On September 27, 2021, Ai announced on her social media of a song she recorded for an upcoming NHK TV series. Written by Naotarō Moriyama and featuring arrangements by Neko Saito, the song is named after the star of the same name in the Taurus constellation. Regarding the song, Mone Kamishiraishi, one of the actresses to be in the film, commented that the song was "beautiful" and "nice and encouraging". Eri Fukatsu also commented she was wary of Ai's recording but stated, "My heart was shaken, robbed and filled." Actress Rina Kawaei, also an actress in the film, commented that she was "impressed by the gentle singing and the wonderful lyrics". The song was originally written by Moriyama on New Years in 2021 about environmental issues and was originally titled "Daphnia Pulex". "Aldebaran" was not intended to be the theme song for Come Come Everybody until Moriyama allowed Ai to record the song with reworked lyrics.

== Promotion ==
To promote "Aldebaran", Ai was to appear on NHK's Utacon to preview the song on September 28, 2021, however the event was cancelled and moved to October 4 due to an emergency deceleration. Universal Japan issued a compilation chapter titled Self Selection "Piano Ballad" on the same day the single was announced. On TikTok, a 30 second television version was released to the service. On October 4, a radio edit of "Aldebaran" was sent to Japanese radio stations. An official audio of the radio edit was uploaded to Ai's YouTube channel. On October 26, Ai performed the song on an NHK broadcast show.
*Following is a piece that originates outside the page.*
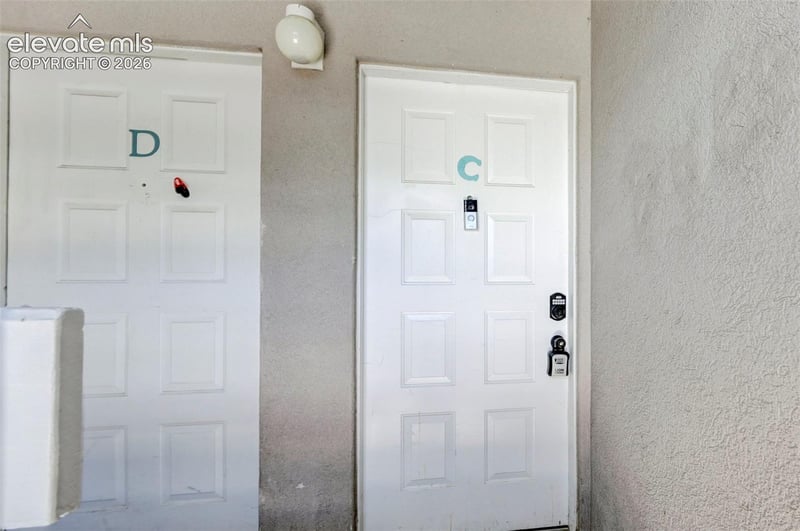 3405 Rebecca Ln #C, Colorado Springs, CO 80917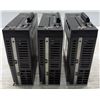 Image 2 : (3) Dorna #EPS-BS-0D75AA-1000 AC Servo Drivers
== Commercial performance ==
"Aldebaran" debuted at number 5 on the Oricon Daily Digital Singles chart on November 2. The song later peaked at number 4 on the Daily Digital Singles chart. On the weekly Oricon Digital Singles chart, "Aldebaran" debuted at number 11. For the week of November 16, 2021, "Aldebaran" reached a new peak at number 6 with 8,331 total downloads. On the Billboard Japan Hot 100, "Aldebaran" debuted and peaked at number 37. "Aldebaran" marked Ai's first appearance on the Billboard Japan Hot 100 since her 2017 single, "Kira Kira". In March 2022, "Aldebaran" peaked at number 12 on the Billboard Japan Top User Generated Songs chart. The song was later ranked at number 29 on the Billboard Japan Top Download Songs year-end chart for 2022.

== Accolades ==

| Year | Organization | Award/work | Result | Ref. |
| 2022 | The Television Drama Academy Awards | Best Drama Song | Won |  |
| 15th Tokyo Drama Awards | Theme Song Award | Won |  |

== Music video ==
A music video for "Aldebaran" was announced on October 25, 2021, and premiered on YouTube on November 5.

== Live performances ==
Ai performed "Aldebaran" on the day of its release during her 20th anniversary tour It's All Me at the Tokyo International Forum Hall. Ai performed "Aldebaran" at the 72nd NHK Kōhaku Uta Gassen on December 31, her fourth appearance on the show. Ai appeared on 193rd episode of The First Take, a YouTube channel where singers perform a song recorded in one take. She performed an excerpt of "Story" prior to "Aldebaran". It marked her first appearance on the channel.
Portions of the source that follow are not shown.